Uncidos a la mentira
El proyecto regeneracionista enarbolado por el PP durante más de una década como instrumento para deslegitimar al PSOE, incurso durante los últimos años del Gobierno de Felipe González en sonoros casos de corrupción, ha terminado por mostrar en esta legislatura su auténtica naturaleza. Como la mayor parte de este género de proyectos, el regeneracionismo del PP no se proponía tanto moralizar la vida política como hacer política con la moral. Ni desde el Gobierno ni desde la oposición adoptó nunca como objetivo dotar al sistema institucional de garantías e instrumentos eficaces contra la corrupción, aplicándolos con rigor. Antes por el contrario, su regeneracionismo ha sido y es una variante específica de la propaganda, en este caso dirigida a convencer al ciudadano de que el PP es el partido que ostenta el monopolio de la virtud.

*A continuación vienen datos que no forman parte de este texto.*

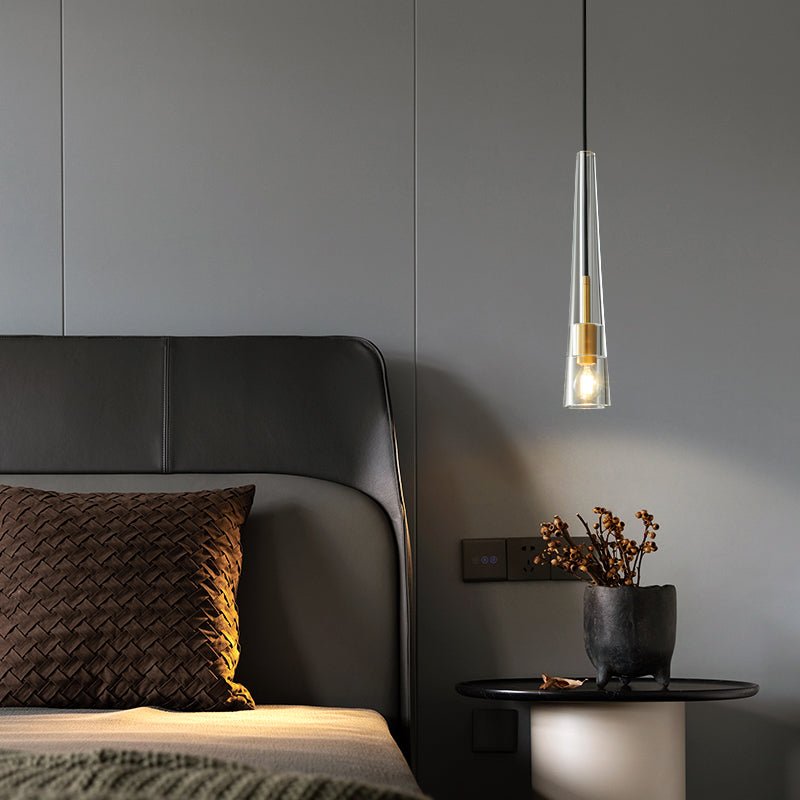 A slim, tapered clear glass Clérachic pendant with a brass collar hangs beside a leather headboard and a dark side table.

A los efectos de esta estrategia, la llegada al poder de Rodríguez Zapatero supuso un severo contratiempo, pues el PP se vio privado del principal recurso en el que se había concretado hasta entonces su regeneracionismo. Frente a una nueva dirección socialista que decidió hacer tabla rasa del pasado, unas veces incurriendo en flagrantes injusticias y otras en el error de prescindir de la experiencia, la reiterada apelación al expediente del "y tú más" se reveló como lo que había sido desde el principio, cuando lanzó la piedra de "la segunda transición" para luego esconder la mano: un intento farisaico de los populares de exculpar las faltas propias a través de las ajenas. El PP se ha visto obligado a cambiar de discurso en estos años, pero sólo para mantener las mismas actitudes y conceptos. El "y tú más" se ha transformado, así, en una insólita apelación a los ciudadanos "normales" y "decentes" para que se adhieran a sus políticas, como si no hacerlo les convirtiera en anormales e indecentes.

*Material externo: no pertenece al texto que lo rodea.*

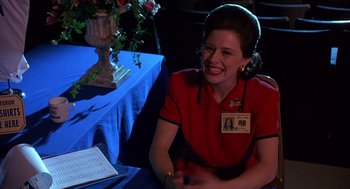 Movie still from “Grosse Pointe Blank” (1997), directed by George Armitage – A woman sitting at a table smiling for the camera; Medium shot, Over the shoulder angle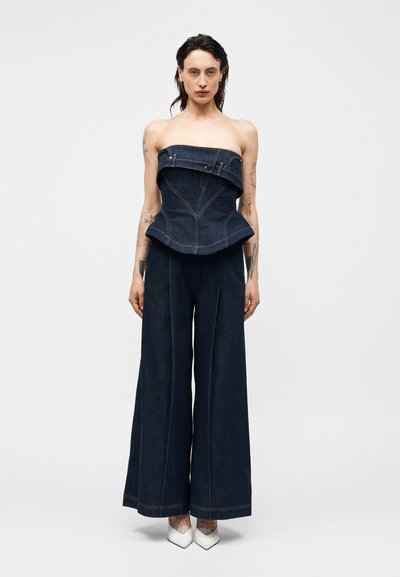 Μοντέλο που φοράει σκοτεινό denim κορσέ τοπ χωρίς τιράντες με φαρδιά μέση και αντίστοιχο παντελόνι φαρδιάς γραμμής, σε συνδυασμό με λευκές μυτερές γόβες.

El juicio del 11-M está evidenciando que, en contra de lo que pretende, el PP no ostenta el monopolio de la virtud; y también que no es el dueño del criterio para definir la normalidad y la decencia, un propósito, por lo demás, más propio de una concepción sectaria de la política que de un partido democrático. Tras la truculenta declaración como testigo de quien era el jefe de la Policía en el momento de los atentados, Díaz de Mera, los ciudadanos han asistido entre sorprendidos e indignados, no a la constatación de que Aznar y algunos miembros de su Gobierno mintieron sobre la autoría. La sorpresa y la indignación proceden, en estos días, de que el PP no haya tenido escrúpulos en seguir alentando una especulación conspirativa, cuyo único propósito era ocultar aquella mentira con otras mentiras nuevas. También ahora el PP pretende esconder la mano, y algunos de sus líderes han tenido la osadía de retar a los ciudadanos y a los medios de comunicación que no se plegaron a su intento de manipulación para que encuentren declaraciones sobre una supuesta participación de ETA en el 11-M.

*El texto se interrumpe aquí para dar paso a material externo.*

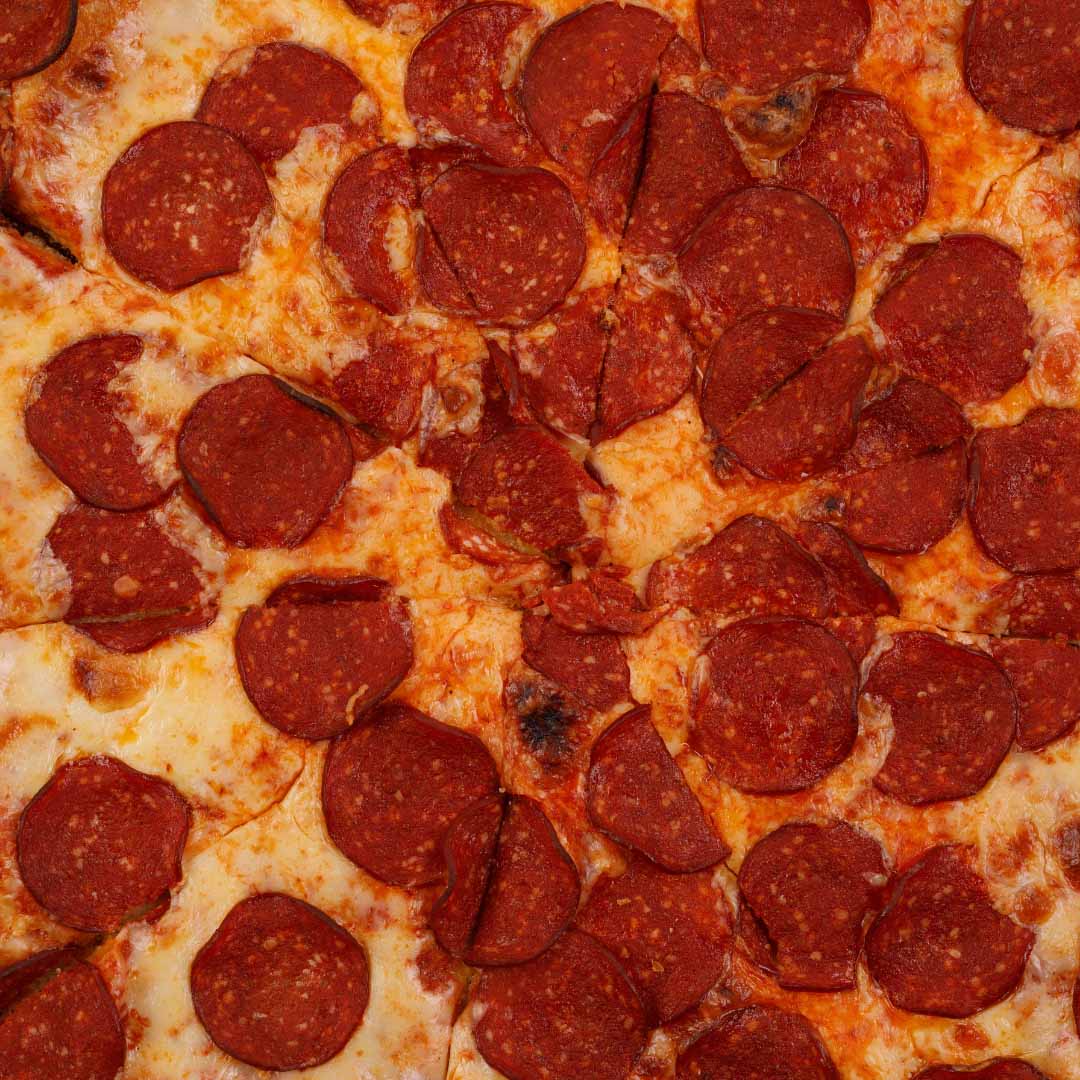 keto pizza made with wheat gluten and with salami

Las maniobras para influir por medios espurios en el resultado de las próximas elecciones municipales, falsificando documentos relacionados con el voto por correo o intentando alterar los censos electorales, son los últimos episodios en los que se ha visto envuelto un partido que no es que diga estar en contra del sistema, sino que, paradójicamente, asegura encarnarlo en su estado más puro y ser su único y verdadero garante. El comportamiento adoptado ante estos nuevos casos de corrupción que le afectan, y de manera especial por algunos dirigentes como Acebes y Zaplana, no difiere del que siguieron tras el 11-M: una mentira inicial les unce a la mentira permanente, confiando en que, otra vez, la prensa amarilla les ayudará a crear la realidad virtual con la que esperan convertir a los ciudadanos en una especie de electores sonámbulos. La imparcialidad que el PP reclama para informar sobre estos hechos es una artera invitación a la equidistancia entre la verdad y la mentira. No existe equidistancia posible, porque la opción es la independencia. Precisamente para que nadie, ni en los medios ni en la política, ni tampoco en la sociedad, vuelva a caer en esa fraudulenta tentación regeneracionista de arrogarse el monopolio de la virtud o de dividir a los ciudadanos en normales y anormales, en decentes e indecentes.